[Provided records — start]

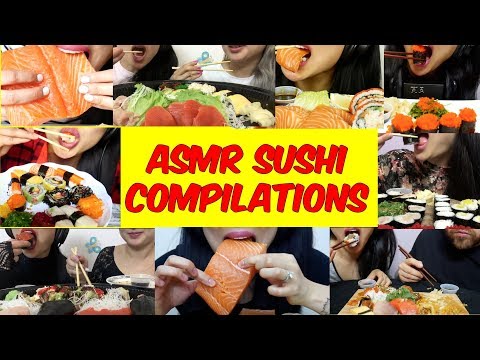 ASMR SUSHI Compilation (THANK YOU 500K) | SAS-ASMR (NO TALKING)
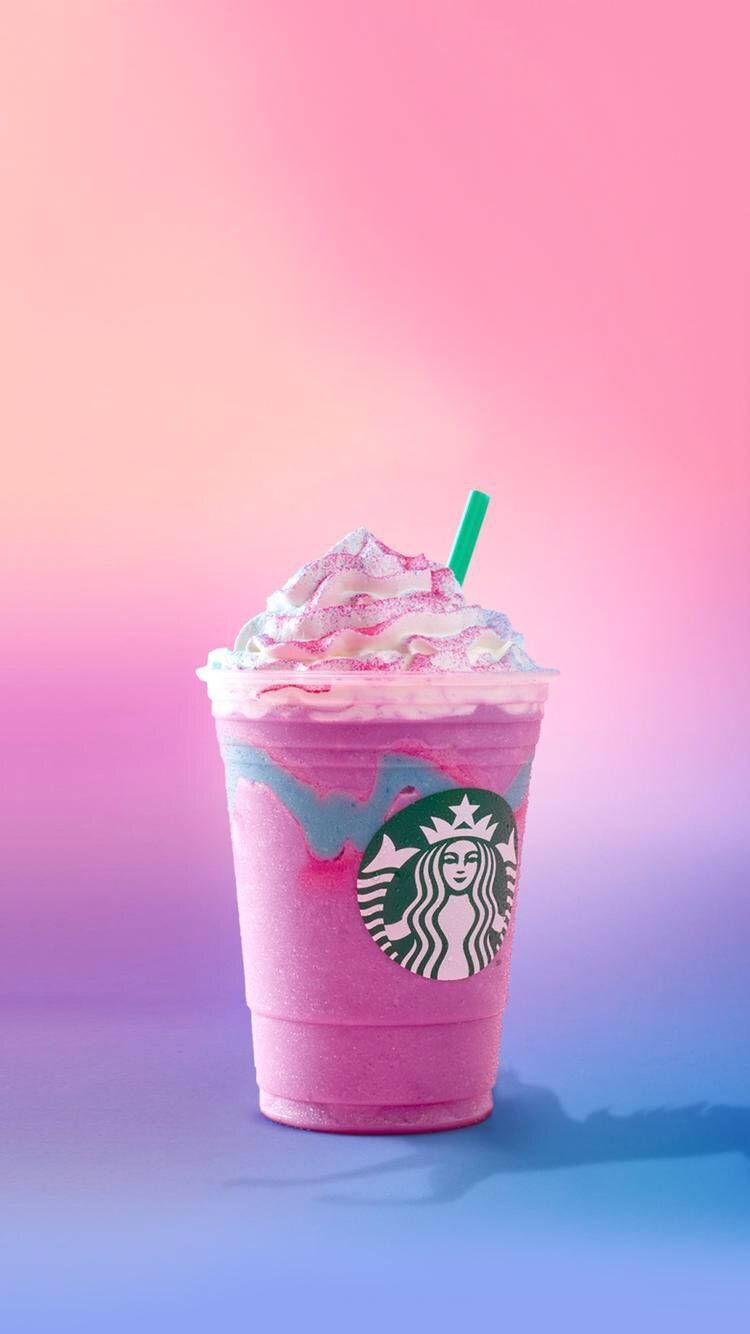 Cute Starbucks Dragon Fruit Drink Cup Wallpaper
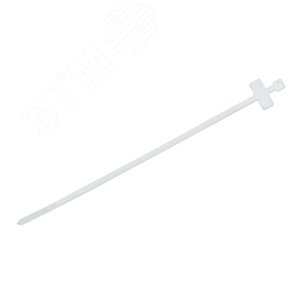 Стяжка нейлоновая неоткрывающаяся, безгалогенная (halogen free), 200x2.5мм, с площадкой для маркера (100 шт)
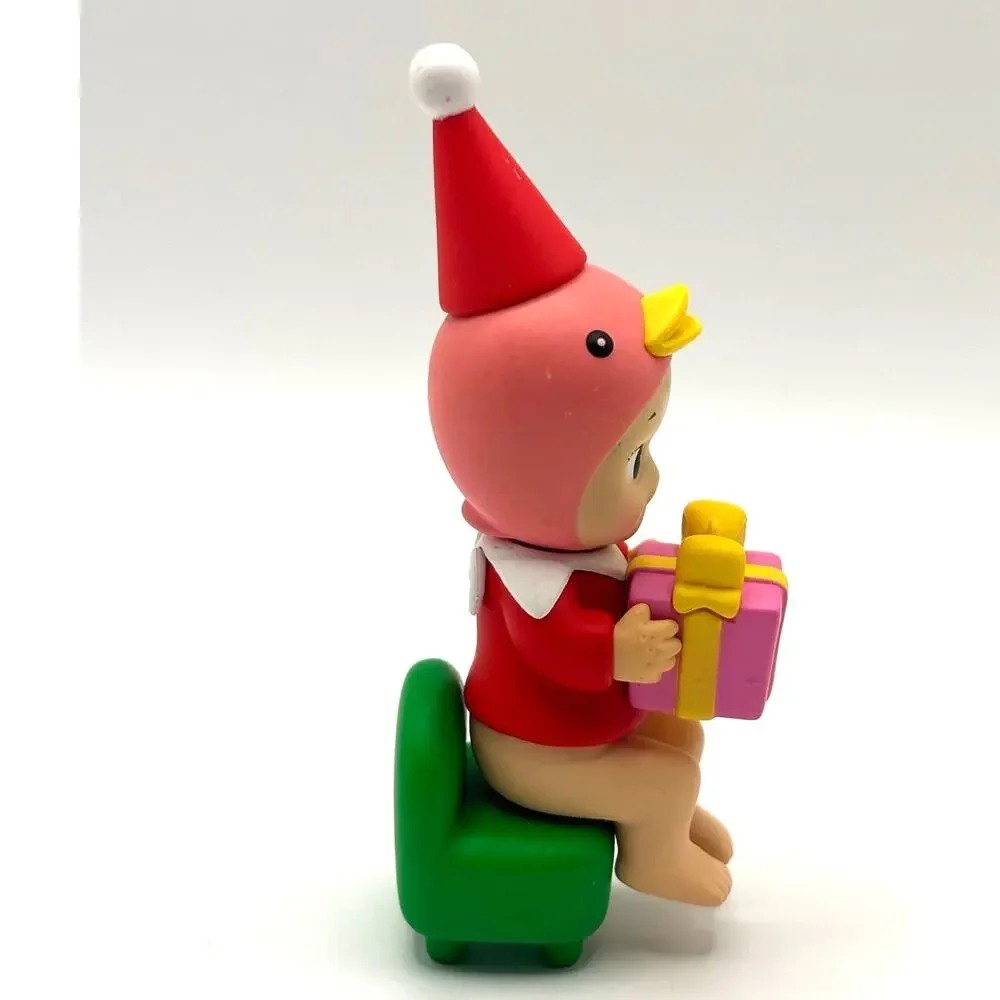 Authentic Sonny Angel Duck Mini Figure, Santa's Little Helper Series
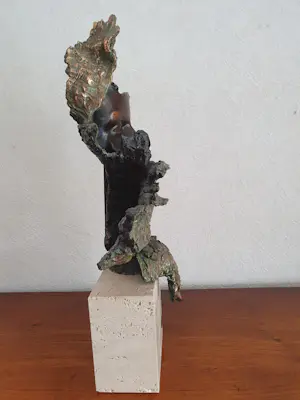 Brons (Onbekend) - 'moeder en kind' kopen? Bied vanaf 100!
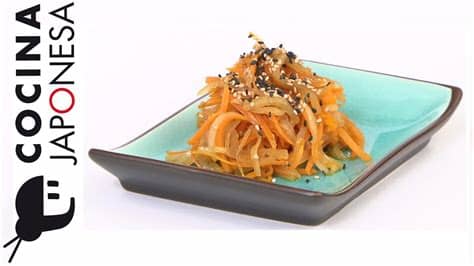 Receta de cocina mas con sandy. Como preparar Kinpira / Recetas de cocina japonesa en ...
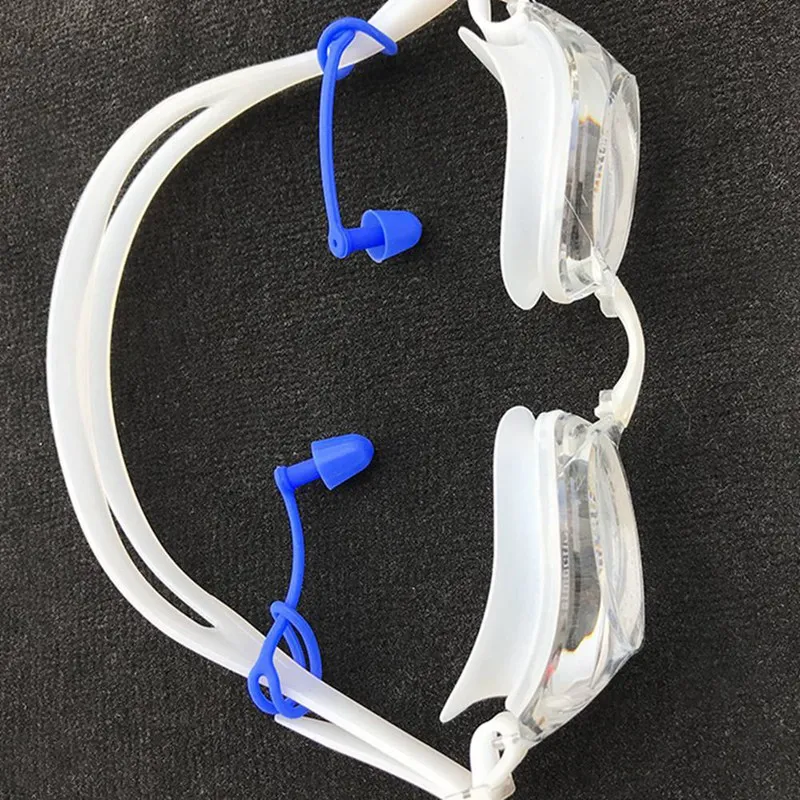 Водонепроницаемый мягкий Плавание ming Заглушки для ушей, зажим для носа защитный чехол предотвратите попадание воды защитная затычка для ушей мягкий силиконовый плавание Ныряние расходные материалы
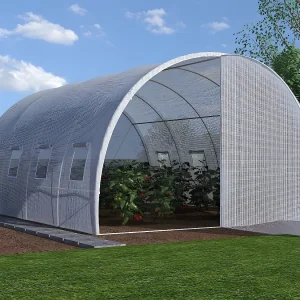 Extra bedekking voor tunnelkas met deur 12 m² – L300 x B400 x H200 cm ALOCASIA Extra bedekking voor tunnelkas met deur 12 m² – L300 x B400 x H200 cm ALOCASIA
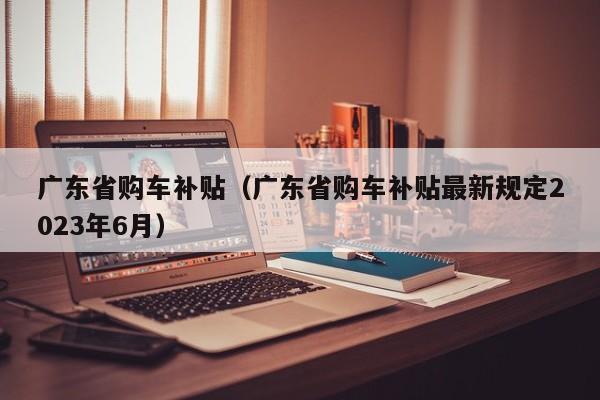 广东省购车补贴（广东省购车补贴最新规定2023年6月）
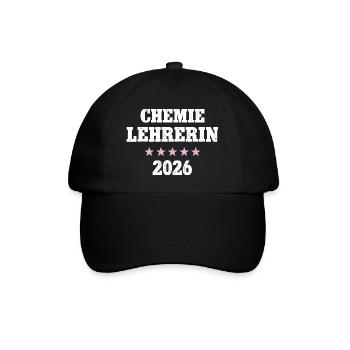 Professeur de chimie 2026 Profession Professeur de chimie Chimiste - Casquette classique - noir/noir - Devant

[Provided records — finish]

◆ **How to complete this task**
In your copy, repeat the records above exactly and include no images.

◆ **Exercise result**
 ASMR SUSHI Compilation (THANK YOU 500K) | SAS-ASMR (NO TALKING)
 Cute Starbucks Dragon Fruit Drink Cup Wallpaper
 Стяжка нейлоновая неоткрывающаяся, безгалогенная (halogen free), 200x2.5мм, с площадкой для маркера (100 шт)
 Authentic Sonny Angel Duck Mini Figure, Santa's Little Helper Series
 Brons (Onbekend) - 'moeder en kind' kopen? Bied vanaf 100!
 Receta de cocina mas con sandy. Como preparar Kinpira / Recetas de cocina japonesa en ...
 Водонепроницаемый мягкий Плавание ming Заглушки для ушей, зажим для носа защитный чехол предотвратите попадание воды защитная затычка для ушей мягкий силиконовый плавание Ныряние расходные материалы
 Extra bedekking voor tunnelkas met deur 12 m² – L300 x B400 x H200 cm ALOCASIA Extra bedekking voor tunnelkas met deur 12 m² – L300 x B400 x H200 cm ALOCASIA
 广东省购车补贴（广东省购车补贴最新规定2023年6月）
 Professeur de chimie 2026 Profession Professeur de chimie Chimiste - Casquette classique - noir/noir - Devant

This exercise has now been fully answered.